Copy exactly, please, the lines of the data from its start through the line containing "Assiettes carrées blanches, Maison".

Content starts

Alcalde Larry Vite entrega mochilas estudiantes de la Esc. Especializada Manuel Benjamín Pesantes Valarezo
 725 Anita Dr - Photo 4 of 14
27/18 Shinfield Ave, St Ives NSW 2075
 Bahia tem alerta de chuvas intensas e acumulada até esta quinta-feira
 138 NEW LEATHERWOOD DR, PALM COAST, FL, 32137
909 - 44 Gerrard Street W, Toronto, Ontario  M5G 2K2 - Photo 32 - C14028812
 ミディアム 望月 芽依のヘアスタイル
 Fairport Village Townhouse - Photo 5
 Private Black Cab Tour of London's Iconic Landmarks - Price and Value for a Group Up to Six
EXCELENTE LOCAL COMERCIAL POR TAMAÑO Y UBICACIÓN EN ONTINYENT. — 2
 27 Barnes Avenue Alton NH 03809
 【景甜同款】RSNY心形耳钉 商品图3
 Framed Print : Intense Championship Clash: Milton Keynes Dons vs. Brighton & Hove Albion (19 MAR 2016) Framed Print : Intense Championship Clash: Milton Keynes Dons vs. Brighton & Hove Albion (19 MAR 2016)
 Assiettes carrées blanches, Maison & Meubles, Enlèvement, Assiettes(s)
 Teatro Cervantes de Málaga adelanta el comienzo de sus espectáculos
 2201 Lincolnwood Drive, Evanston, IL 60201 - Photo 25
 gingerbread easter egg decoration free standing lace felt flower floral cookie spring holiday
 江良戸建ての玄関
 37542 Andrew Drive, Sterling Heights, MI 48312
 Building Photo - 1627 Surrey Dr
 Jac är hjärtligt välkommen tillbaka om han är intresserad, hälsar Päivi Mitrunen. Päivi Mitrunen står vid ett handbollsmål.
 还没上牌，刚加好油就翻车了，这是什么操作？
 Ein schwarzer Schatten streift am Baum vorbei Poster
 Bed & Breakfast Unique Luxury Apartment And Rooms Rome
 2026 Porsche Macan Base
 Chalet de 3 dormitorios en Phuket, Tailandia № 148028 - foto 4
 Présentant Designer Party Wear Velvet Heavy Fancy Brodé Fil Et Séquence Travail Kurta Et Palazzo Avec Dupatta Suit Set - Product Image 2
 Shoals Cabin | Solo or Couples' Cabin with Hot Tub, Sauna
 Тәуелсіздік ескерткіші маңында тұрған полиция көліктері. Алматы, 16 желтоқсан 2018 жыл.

Content ends

Answer area =
Alcalde Larry Vite entrega mochilas estudiantes de la Esc. Especializada Manuel Benjamín Pesantes Valarezo
 725 Anita Dr - Photo 4 of 14
27/18 Shinfield Ave, St Ives NSW 2075
 Bahia tem alerta de chuvas intensas e acumulada até esta quinta-feira
 138 NEW LEATHERWOOD DR, PALM COAST, FL, 32137
909 - 44 Gerrard Street W, Toronto, Ontario  M5G 2K2 - Photo 32 - C14028812
 ミディアム 望月 芽依のヘアスタイル
 Fairport Village Townhouse - Photo 5
 Private Black Cab Tour of London's Iconic Landmarks - Price and Value for a Group Up to Six
EXCELENTE LOCAL COMERCIAL POR TAMAÑO Y UBICACIÓN EN ONTINYENT. — 2
 27 Barnes Avenue Alton NH 03809
 【景甜同款】RSNY心形耳钉 商品图3
 Framed Print : Intense Championship Clash: Milton Keynes Dons vs. Brighton & Hove Albion (19 MAR 2016) Framed Print : Intense Championship Clash: Milton Keynes Dons vs. Brighton & Hove Albion (19 MAR 2016)
 Assiettes carrées blanches, Maison & Meubles, Enlèvement, Assiettes(s)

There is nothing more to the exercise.